ここでの分かる人というのは同じようなことを本当に苦労して努力し身に着け本気で取り組むことで実力と見識を兼ね備えた人物のことをいう。

贋者というのは自分の力でやったのではなくどこかの誰かに便利に即席栽培のように本人以外の誰かによって”してもらった”となるとそれは本人の実力ではなく誰かの威力などによって一流風でしかないことがある。

最初から自分から地道に健気に真っ直ぐに道なりに添って丁寧に学び、真剣に取り組み、学んでいたら実力は具わっていくもの。

しかしつい楽をして、一足飛びに見た目をそのようにしようとすると読むべき本も読まず、経験すべき経験もせず、実地すべき実践も積まず、乗り越えるべき困難も乗り越えずとなればやっぱり次第に二流のやり方により二流の実力が身体に沁みついてしまうものだと思う。

そういう見た目風を先に学べば、本筋の流がわからなくなってしまうもの。

もしもそれに気づいて自分のあり方を見直しやり方を学び直し、本気で一から取り組めばもう一度一流への入り口が開いていくのだろうとも思う。

しかしそれがわかっていてもいつまでも一向に生き方や在り方を変えない人もいる、自信がないのか今さらプライドが邪魔をするのか素直に「教えてください」という姿勢と態度がいつまでも取れず本物の人物に習うこともできないでいる人がとても多い。

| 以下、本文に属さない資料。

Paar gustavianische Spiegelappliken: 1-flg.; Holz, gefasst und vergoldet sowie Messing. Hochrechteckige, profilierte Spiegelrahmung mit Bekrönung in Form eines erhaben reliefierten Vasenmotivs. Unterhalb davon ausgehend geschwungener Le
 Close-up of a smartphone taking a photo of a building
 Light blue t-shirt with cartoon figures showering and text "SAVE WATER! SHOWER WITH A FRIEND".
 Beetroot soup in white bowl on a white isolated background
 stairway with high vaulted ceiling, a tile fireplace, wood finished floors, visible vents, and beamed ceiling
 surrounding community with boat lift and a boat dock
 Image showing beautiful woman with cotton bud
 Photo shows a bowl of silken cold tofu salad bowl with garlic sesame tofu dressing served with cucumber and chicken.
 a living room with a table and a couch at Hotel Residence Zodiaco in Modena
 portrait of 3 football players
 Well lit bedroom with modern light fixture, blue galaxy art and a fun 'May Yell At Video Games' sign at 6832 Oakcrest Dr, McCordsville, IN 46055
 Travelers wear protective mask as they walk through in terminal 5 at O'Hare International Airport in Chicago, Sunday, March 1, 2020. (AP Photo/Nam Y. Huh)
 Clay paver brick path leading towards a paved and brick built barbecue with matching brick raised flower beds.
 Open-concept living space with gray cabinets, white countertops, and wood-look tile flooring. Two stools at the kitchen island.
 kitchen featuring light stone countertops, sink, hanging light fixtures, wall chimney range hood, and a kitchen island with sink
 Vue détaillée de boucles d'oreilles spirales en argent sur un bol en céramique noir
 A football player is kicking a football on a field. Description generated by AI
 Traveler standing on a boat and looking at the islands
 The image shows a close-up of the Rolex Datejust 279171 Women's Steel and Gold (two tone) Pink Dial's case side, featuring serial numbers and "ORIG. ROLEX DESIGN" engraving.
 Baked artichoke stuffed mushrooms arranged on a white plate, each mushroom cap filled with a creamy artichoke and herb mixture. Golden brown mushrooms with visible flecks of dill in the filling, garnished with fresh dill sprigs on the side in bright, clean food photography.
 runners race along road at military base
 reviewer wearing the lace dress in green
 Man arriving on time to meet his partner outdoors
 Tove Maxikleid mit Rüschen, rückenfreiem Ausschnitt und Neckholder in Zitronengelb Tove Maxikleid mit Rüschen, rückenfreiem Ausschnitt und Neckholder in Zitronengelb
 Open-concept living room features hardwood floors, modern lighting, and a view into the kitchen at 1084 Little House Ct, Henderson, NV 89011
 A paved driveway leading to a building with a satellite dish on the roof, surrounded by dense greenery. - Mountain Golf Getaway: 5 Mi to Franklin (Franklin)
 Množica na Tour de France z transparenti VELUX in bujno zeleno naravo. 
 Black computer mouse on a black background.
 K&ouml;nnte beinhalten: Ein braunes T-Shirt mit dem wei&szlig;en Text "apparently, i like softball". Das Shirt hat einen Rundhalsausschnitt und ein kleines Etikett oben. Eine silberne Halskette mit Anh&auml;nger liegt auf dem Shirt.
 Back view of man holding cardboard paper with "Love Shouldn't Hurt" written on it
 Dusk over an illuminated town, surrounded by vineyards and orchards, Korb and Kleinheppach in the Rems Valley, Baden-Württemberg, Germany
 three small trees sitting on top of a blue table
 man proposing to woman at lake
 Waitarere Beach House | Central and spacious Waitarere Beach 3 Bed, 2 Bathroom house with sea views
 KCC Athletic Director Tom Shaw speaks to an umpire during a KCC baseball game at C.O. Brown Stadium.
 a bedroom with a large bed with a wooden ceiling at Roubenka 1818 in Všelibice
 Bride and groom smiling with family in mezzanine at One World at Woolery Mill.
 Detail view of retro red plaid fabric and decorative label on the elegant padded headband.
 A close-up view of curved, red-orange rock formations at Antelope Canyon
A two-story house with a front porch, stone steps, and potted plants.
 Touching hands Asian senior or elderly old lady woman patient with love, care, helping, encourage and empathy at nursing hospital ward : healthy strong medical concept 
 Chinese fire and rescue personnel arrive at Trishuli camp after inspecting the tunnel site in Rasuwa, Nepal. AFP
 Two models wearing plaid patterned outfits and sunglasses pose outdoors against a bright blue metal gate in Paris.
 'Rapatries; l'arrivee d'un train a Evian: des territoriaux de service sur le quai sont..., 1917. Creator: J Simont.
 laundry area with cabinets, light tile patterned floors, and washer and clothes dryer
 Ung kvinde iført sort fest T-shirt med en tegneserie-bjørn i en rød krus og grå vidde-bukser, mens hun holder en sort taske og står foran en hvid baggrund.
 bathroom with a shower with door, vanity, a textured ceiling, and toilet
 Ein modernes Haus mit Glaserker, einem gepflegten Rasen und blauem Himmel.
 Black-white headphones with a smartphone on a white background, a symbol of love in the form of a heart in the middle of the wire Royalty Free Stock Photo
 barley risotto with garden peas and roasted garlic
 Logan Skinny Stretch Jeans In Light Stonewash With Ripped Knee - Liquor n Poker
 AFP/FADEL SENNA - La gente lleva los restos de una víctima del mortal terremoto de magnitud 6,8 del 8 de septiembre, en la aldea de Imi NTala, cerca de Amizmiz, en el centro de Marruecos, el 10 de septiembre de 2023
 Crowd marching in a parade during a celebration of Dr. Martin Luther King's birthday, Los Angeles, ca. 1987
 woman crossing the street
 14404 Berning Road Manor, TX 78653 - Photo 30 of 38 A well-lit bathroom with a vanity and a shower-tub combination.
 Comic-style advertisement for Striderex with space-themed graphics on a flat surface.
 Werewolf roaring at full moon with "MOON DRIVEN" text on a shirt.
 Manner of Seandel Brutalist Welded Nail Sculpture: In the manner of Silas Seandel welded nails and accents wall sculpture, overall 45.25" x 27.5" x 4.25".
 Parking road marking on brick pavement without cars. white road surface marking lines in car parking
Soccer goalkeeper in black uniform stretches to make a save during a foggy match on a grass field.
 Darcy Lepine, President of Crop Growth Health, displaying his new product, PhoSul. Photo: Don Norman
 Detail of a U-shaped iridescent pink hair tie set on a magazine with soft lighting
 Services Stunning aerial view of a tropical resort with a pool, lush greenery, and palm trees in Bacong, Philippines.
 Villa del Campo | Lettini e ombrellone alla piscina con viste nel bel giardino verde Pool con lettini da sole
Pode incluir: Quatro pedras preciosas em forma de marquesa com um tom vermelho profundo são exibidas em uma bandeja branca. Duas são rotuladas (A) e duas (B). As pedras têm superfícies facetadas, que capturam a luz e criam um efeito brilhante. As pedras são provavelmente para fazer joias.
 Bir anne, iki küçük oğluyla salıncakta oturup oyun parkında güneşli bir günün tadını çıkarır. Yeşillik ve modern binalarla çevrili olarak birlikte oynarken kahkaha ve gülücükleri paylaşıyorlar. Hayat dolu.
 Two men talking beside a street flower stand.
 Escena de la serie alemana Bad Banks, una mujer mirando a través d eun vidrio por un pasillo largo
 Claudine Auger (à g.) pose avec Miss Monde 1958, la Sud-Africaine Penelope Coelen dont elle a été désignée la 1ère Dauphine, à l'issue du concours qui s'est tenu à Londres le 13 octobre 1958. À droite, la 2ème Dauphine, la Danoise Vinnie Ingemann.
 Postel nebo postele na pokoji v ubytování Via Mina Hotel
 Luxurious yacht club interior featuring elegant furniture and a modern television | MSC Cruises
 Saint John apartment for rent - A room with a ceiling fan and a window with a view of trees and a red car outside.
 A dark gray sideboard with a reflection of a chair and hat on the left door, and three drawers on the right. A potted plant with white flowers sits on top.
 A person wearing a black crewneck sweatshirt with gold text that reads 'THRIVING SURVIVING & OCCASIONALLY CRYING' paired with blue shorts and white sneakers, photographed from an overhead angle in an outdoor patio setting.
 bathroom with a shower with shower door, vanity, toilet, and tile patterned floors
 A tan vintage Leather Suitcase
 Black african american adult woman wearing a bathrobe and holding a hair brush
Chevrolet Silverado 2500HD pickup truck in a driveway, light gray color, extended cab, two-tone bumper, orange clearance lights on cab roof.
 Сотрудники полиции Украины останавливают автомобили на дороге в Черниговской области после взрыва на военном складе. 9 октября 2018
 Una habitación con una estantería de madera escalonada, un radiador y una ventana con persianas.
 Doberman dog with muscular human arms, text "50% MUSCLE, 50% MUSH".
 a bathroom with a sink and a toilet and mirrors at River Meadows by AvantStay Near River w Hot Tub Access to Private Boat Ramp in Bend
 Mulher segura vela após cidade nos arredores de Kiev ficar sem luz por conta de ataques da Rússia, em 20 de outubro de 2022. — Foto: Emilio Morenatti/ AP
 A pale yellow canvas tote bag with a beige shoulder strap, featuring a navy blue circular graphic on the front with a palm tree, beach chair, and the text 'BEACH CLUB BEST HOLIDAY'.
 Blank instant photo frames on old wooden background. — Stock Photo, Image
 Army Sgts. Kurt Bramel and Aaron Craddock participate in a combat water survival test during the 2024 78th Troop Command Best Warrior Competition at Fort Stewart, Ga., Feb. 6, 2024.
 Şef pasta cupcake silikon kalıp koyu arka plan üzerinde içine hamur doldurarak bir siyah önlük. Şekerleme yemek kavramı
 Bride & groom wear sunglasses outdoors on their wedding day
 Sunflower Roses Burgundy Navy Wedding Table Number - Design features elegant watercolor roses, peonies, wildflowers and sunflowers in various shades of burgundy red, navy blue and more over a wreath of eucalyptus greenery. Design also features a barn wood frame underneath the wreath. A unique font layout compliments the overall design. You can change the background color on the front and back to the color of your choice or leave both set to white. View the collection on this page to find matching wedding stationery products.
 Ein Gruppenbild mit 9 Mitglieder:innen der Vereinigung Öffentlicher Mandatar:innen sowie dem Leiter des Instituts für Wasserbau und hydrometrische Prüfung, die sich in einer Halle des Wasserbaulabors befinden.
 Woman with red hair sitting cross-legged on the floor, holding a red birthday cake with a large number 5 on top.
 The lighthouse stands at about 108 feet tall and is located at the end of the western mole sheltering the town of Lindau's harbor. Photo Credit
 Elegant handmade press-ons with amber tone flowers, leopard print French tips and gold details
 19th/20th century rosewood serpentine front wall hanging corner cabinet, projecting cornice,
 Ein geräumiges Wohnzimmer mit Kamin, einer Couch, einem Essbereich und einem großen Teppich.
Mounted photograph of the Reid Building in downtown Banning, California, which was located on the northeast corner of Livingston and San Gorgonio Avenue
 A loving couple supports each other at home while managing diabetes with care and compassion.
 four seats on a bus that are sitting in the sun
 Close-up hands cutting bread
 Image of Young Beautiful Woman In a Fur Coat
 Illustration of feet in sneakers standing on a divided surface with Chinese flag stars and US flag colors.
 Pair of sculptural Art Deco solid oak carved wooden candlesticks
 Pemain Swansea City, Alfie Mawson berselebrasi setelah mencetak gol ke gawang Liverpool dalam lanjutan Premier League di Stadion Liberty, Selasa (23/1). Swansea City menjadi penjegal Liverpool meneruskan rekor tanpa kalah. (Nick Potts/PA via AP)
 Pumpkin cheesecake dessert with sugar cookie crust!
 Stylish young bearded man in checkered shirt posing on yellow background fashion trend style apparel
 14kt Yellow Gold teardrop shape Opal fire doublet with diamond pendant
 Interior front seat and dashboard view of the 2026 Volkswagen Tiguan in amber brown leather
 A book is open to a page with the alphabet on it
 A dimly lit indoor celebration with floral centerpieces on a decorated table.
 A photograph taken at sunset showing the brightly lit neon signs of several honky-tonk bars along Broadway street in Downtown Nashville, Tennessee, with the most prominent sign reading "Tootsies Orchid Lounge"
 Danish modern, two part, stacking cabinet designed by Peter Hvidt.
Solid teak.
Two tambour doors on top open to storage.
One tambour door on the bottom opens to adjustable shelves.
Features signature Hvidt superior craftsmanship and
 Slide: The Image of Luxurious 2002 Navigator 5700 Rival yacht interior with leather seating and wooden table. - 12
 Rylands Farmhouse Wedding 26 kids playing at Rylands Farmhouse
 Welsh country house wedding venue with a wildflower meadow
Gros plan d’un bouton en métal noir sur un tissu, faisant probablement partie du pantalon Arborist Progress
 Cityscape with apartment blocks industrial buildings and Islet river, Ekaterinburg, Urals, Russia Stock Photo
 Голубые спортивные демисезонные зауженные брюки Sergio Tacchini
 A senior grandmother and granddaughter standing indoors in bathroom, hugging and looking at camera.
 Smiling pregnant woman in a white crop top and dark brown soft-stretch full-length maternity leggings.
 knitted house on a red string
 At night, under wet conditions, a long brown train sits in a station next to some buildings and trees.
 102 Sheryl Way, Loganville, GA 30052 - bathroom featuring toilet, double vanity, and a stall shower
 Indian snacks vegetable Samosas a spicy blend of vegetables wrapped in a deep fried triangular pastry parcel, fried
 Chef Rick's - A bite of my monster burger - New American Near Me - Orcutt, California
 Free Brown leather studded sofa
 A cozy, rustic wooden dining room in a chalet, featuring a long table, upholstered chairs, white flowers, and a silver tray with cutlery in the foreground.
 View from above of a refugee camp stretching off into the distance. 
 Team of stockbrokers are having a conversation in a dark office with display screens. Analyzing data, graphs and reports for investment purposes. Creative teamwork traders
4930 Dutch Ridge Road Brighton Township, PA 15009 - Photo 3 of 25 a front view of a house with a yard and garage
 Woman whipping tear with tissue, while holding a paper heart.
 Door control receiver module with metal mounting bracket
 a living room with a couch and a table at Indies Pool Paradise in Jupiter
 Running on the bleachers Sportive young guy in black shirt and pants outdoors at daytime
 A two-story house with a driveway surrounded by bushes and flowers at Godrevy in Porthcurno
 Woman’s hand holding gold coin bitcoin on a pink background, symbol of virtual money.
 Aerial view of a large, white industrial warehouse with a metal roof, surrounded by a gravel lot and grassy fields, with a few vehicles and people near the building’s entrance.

自分で積極的に体験したり学んだりする機会を得るのだと決意して遣り切れるかどうかということにもよる。黙って消極的にじっとしていても、何も変わらないということなのである。

自力で自立するというのは、文字通り「自分の力で学んで自分で立つ」ことであり誰かによって立ててもらうのではない。その自分の姿勢、自分で立つのだと強い意志で決意を固めることであり、今、この自分がどちら側でいたいか、一流風か一流を目指すのかですべての勝敗が決してしまうものであるのだと思う。

そのまま一流風でも普通通り遜色なく作業は一応はできるもの、しかし仕事の流儀から外れていることを自覚しもしもそれが一流ではないと気づいたらどうするのか、即行動するかいつまでも悩み続けるだけで流されるか、そこにその人の真価が問われるのであろうとも思う。

理念というものを掲げ、本気で取り組み本質であるには当然一流としての流儀というものが要る。

その流儀は、本気で学ぼうとする人でなければ伝授されることもないし切磋琢磨しさらなる一流へと磨きをかけていく同志にもなることもない。

自分の実力でなければ当然自信もつかないし、自分の本当の力でなければ見せかけの贋者だと気づかれるのを恐れて腰を入れて奥へと入っていく勇気も持てる事もない。まさに悪循環になってしまうだけである。打破するにはどこまでいっても一流の根本原理は、本気かどうかということであると私は思う。

その仕事の流儀を学ぶのに、この辺でやここまでやったのだからという二流の一流風の仕事の仕方をすぐに改めることが大切なのであろうとも思う。

本気であるとは、最初の心の姿勢、気持ちが決まっているということである。何が何でも自分の力でやり遂げるという意志のことでもあろうと思う。

発達過程の中で、そういう時期もあるのだろうけれど大切なのは流儀をたくさん学び仕組みを覚え何度も何度も挑戦することであろうとも思う。まだまだコンサルティングの道のあり方もやり方も質を見極めていこうと思う。